■ Input data ■
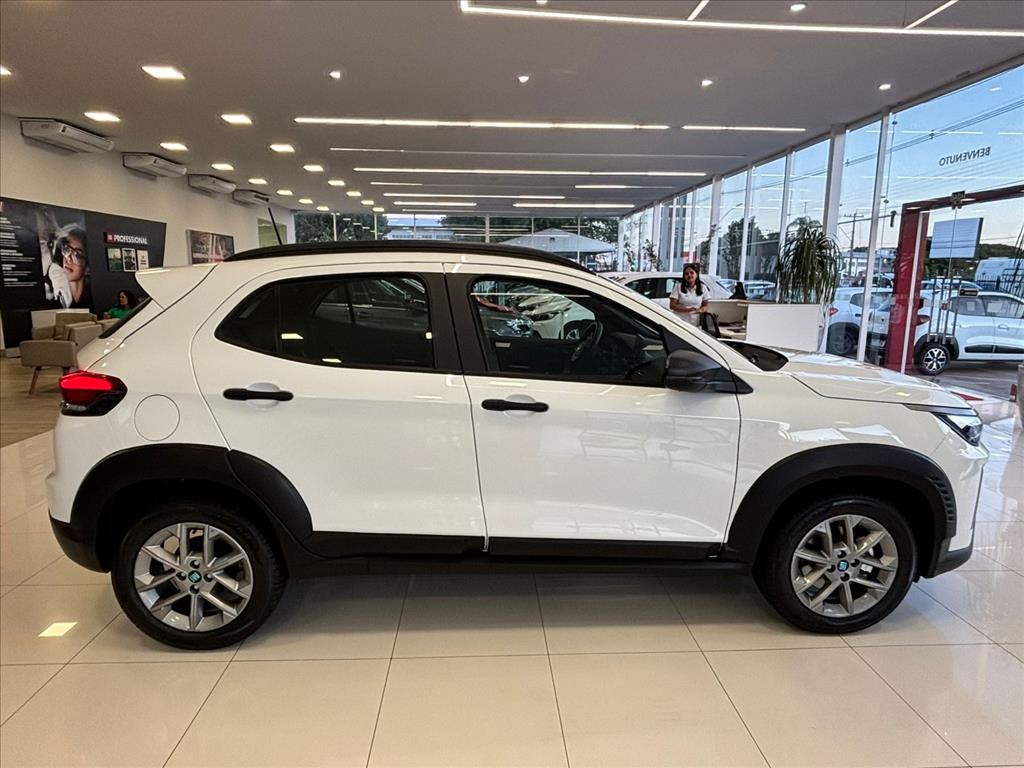 PULSE 1.0 TURBO 200 FLEX CVT9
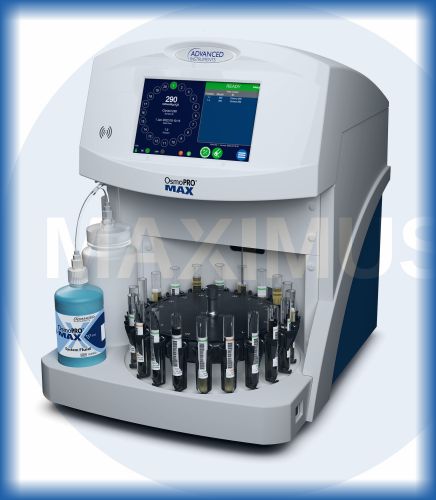 Osmometry Advanced Instruments OsmoPRO® MAX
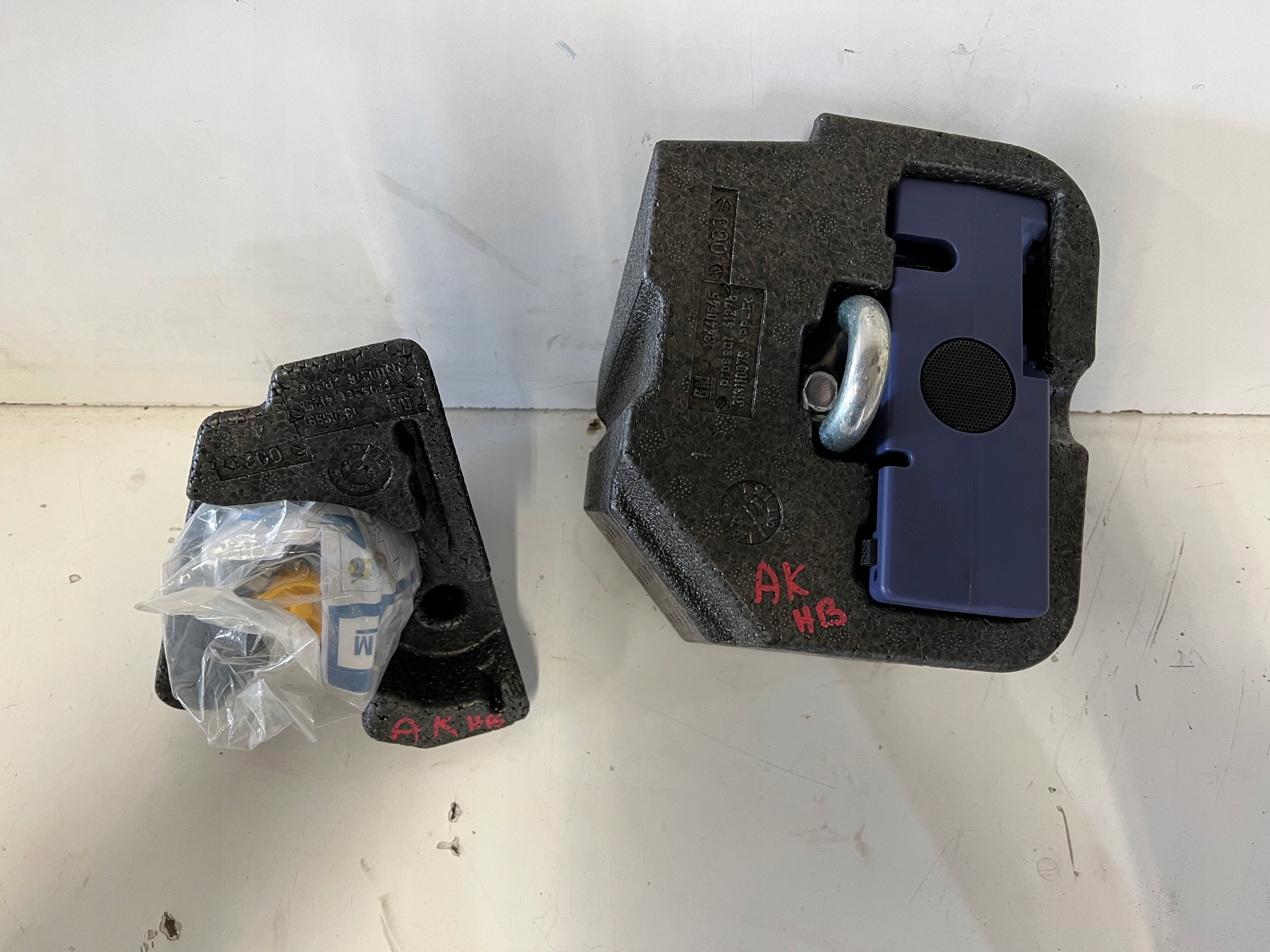 opel ASTRA K V защита колонки рулевой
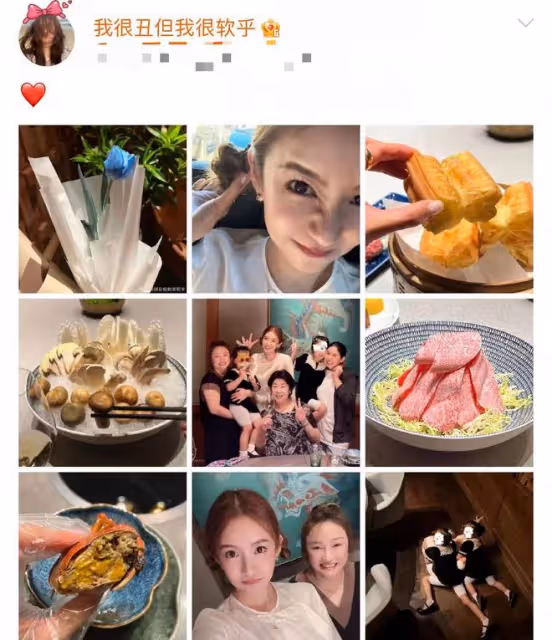 38歲張子萱被疑懷三胎!小腹突出與月嫂同框,陳赫曾被曝想生男孩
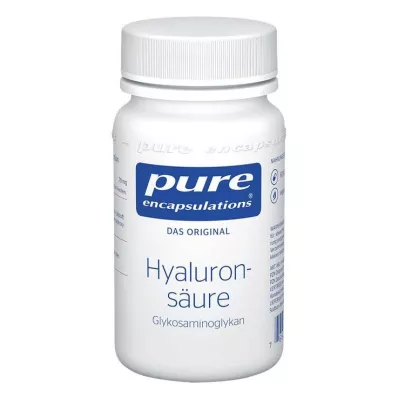 PURE ENCAPSULATIONS Hialuronsav kapszula, 60 db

■ The problem ■
Would you set down the material exactly as it stands, without the pictures?

■ Solution to this task ■
 PULSE 1.0 TURBO 200 FLEX CVT9
 Osmometry Advanced Instruments OsmoPRO® MAX
 opel ASTRA K V защита колонки рулевой
 38歲張子萱被疑懷三胎!小腹突出與月嫂同框,陳赫曾被曝想生男孩
 PURE ENCAPSULATIONS Hialuronsav kapszula, 60 db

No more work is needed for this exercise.